I got back to the truck around 2:00 PM, spent the rest of the day running around getting things taken care of, like laundry, groceries, a shower, then returned to the POD as the sun was setting. Surprisingly, the road was still pretty wet even though the sun had shown on it all day. It’s gotten really beat up since I’ve been here.
The evening was so sweet and pretty, I felt compelled to mount the lights on my bike and go ride for an hour or so. I had a really nice, really easy 90 minutes on the bike. Then went back to the POD and ate dinner, watched an episode of South Park on my laptop, and hit the hay.
Back to the life I came here to live. Yeah baby!
Thursday, February 1, 2007
This morning (first day of February) a news guy on the radio announced that this had been the coldest January in Phoenix in 30 years. Super. I’m so happy to have been part of this historic January!
Yesterday I dashed off early on my Surly (heh!) when the low clouds looked ominous but there was as yet no rain to the post office in Oracle. Fifteen miles, more than half of it dirt--seemed like I could make a surgical strike and be back at the POD before the inevitable rain started falling.
The road was soft with Tuesday’s rain, so it was difficult to carry momentum.

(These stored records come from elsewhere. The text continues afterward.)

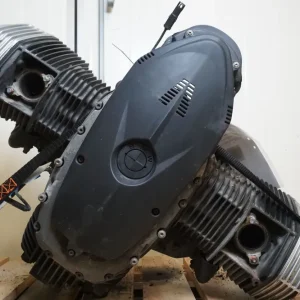 motor BMW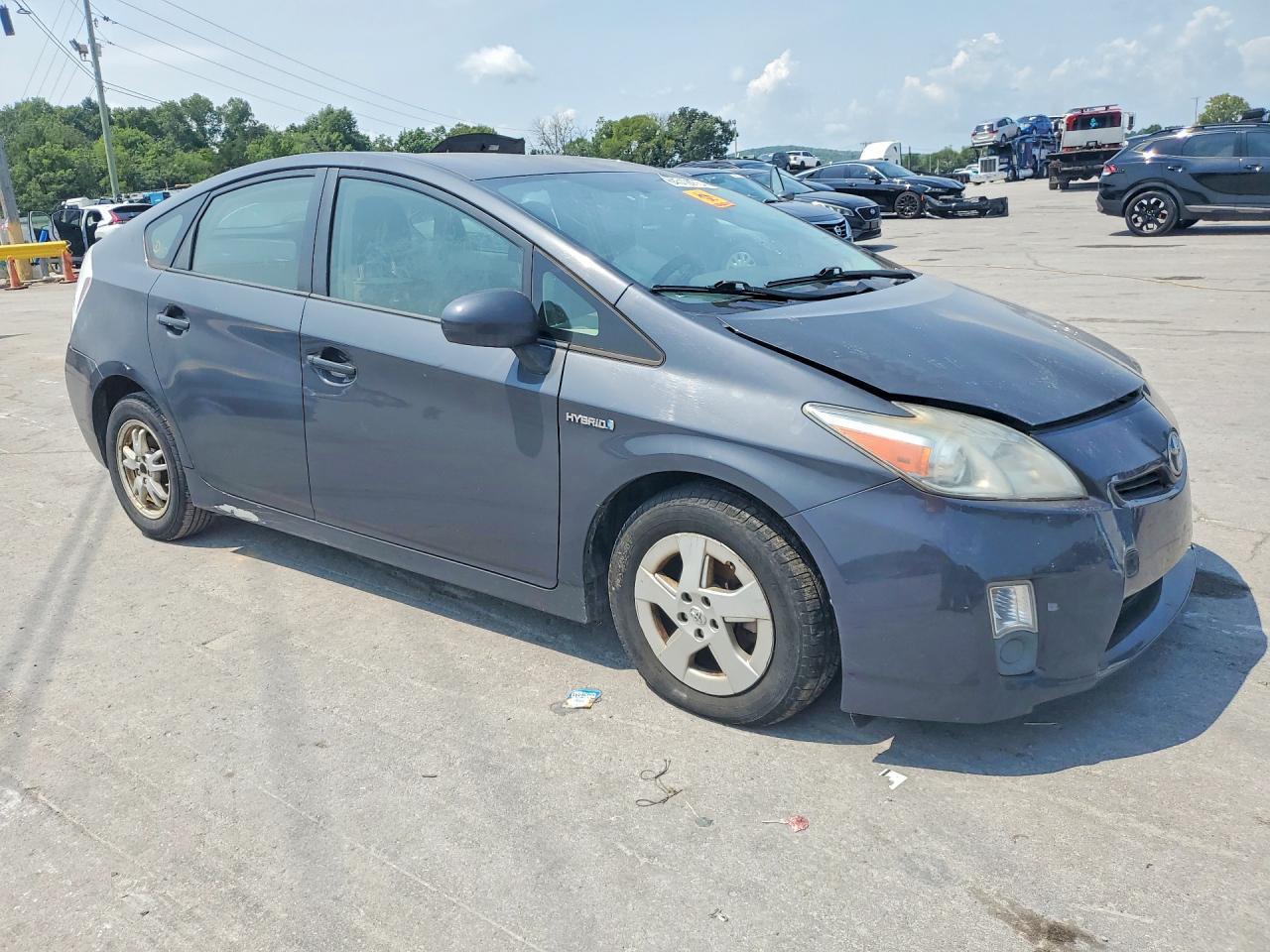 2010 Toyota Prius Iii - Фото 4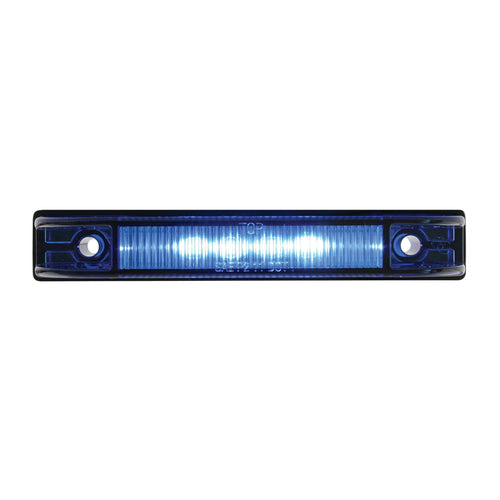 Thin Line Wide Angle Surface Mount LED Interior Light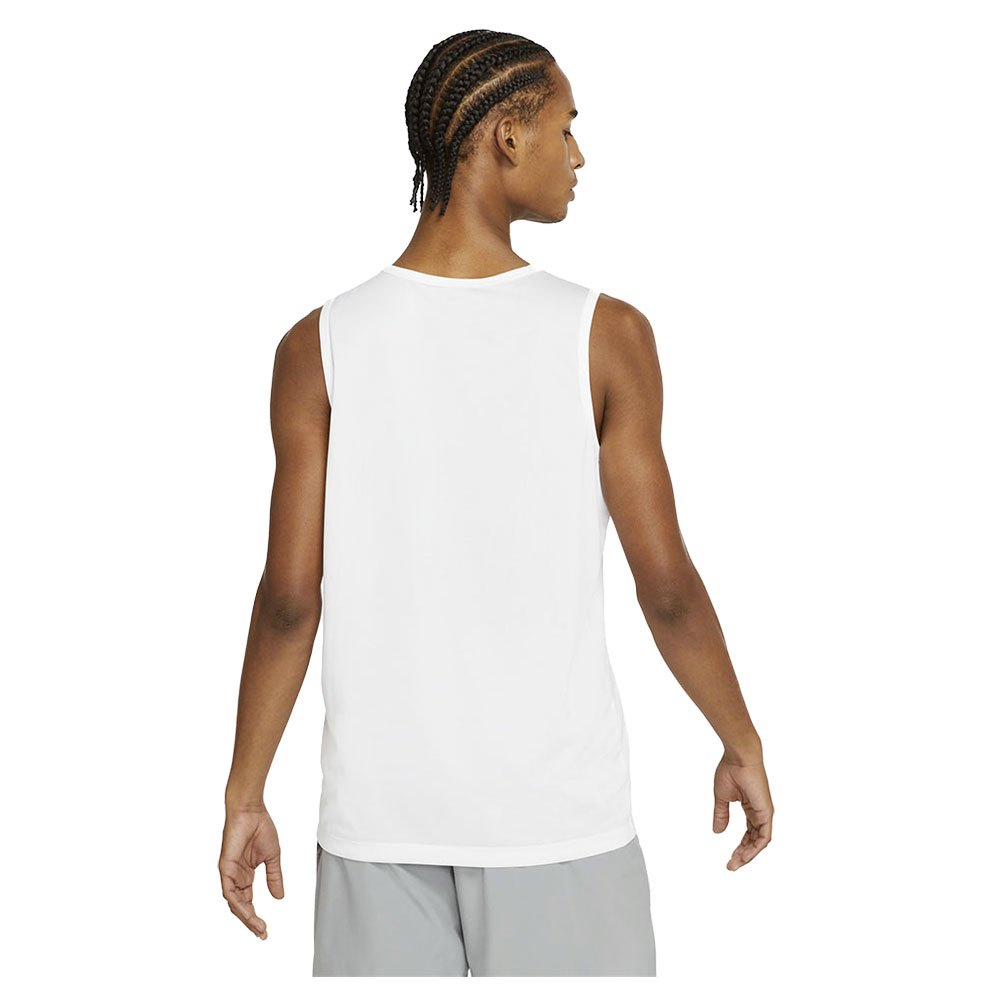 Nike Legend Swoosh Camo ärmlös T-shirt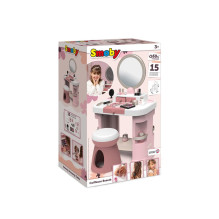 Kosmetinis staliukas Smoby Kosmetinis staliukas Smoby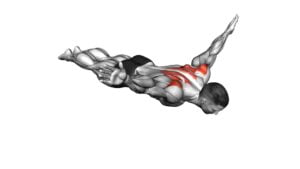 Floor T Raise (VERSION 2) (male) - Video Exercise Guide & Tips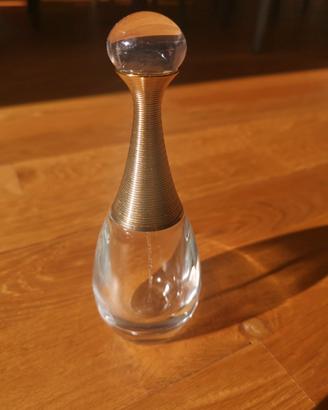 Dior Jadore 100 ml solo boccetta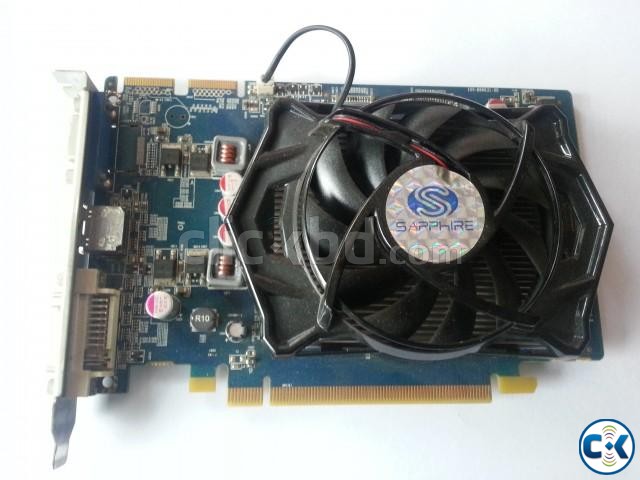 Sapphire Radeon HD 5670 1GB large image 0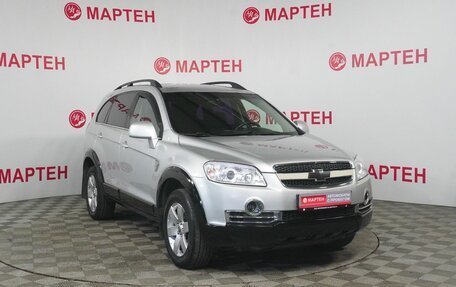 Chevrolet Captiva I, 2011 год, 985 000 рублей, 3 фотография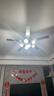 飞利浦（PHILIPS）led节能灯泡客厅家用超亮照明E27大螺口球泡12W6500K白光优视型 实拍图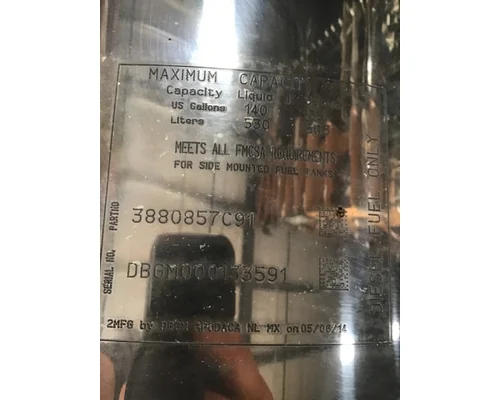 INTERNATIONAL Prostar Fuel Tank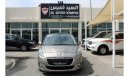 Peugeot 5008 Premium ACCIDENTS FREE - GCC- ORIGINAL PAINT - ENGINE 1600 CC - FULL OPTION - PERFECT CONDITION INSI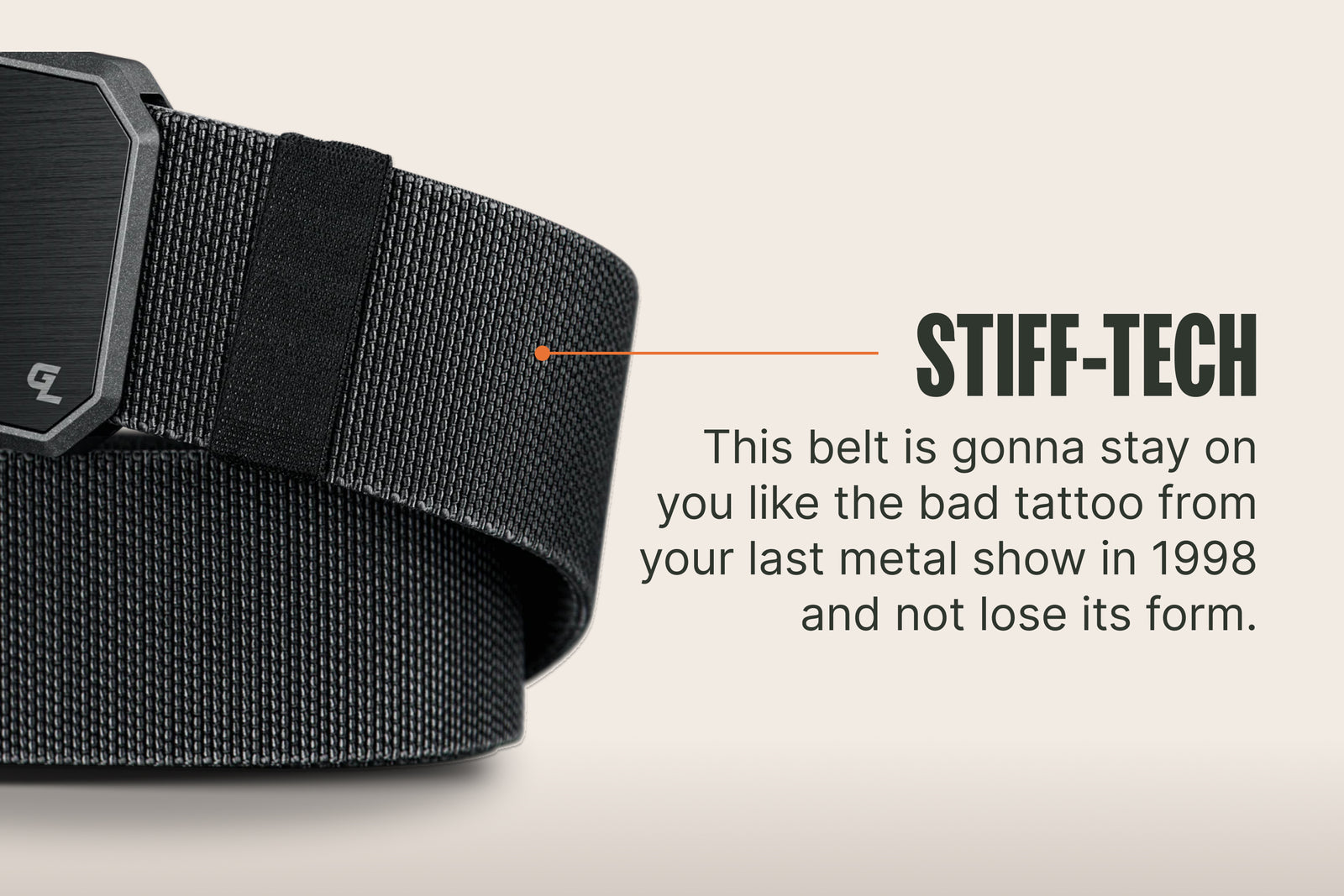 Groove Belt Walnut/Mossy Oak Bottomland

Then the drops started to fall. It wasn’t blowing in from the west or the north, the clouds all around were dropping lower and it began to rain all around me at once. I got a good soaking in pissing rain just as I hit the highway. I climbed into Oracle with traffic hissing by raising mist. I got to the post office just before it opened and went inside to peel off my wet windbreaker and replace it with the rain jacket. I wasn’t cold because I’d been climbing, but the ride home was going to be chilly.
Luckily the rain stopped and I only had chilly wind, wheel wash off the pavement, and then an even softer dirt road to contend with on the way back. When I returned to the POD I considered doing a quick mtb ride, since it was windy but not raining, but my feet were numb and I was cold. So I went inside to warm up. By the time I was halfway warmed rain returned, and then hard wind-driven sleet, then even more rain.
Blah. It’s been a good trip, really. And Colorado has had a really harsh winter that I haven’t been too disappointed about missing. But man, I have nearly worn out my leg warmers and winter jerseys. And who would have guessed that it would have been a good idea to rig up fenders for the Trucker before heading down to AZ to ride? An hour before dawn, I sit in the POD listening to rain and sleet coming down outside as the heater fires up and runs--again.
At bed time last night the gibbous moon shone in a mostly clear sky, and the promise of a clear day sent me to sleep with a hopeful smile and visions of tacky singletrack dancing in my head. Will today be another day spent lounging around reading or passing time driving to town to surf the internet?
The weather has sure been a pain in the ass for the last 8 months or so. Let’s hope that it’s just El Niño or bad juju or some other temporary shit. Cyclists in the west may be praying for the return of the drought this year.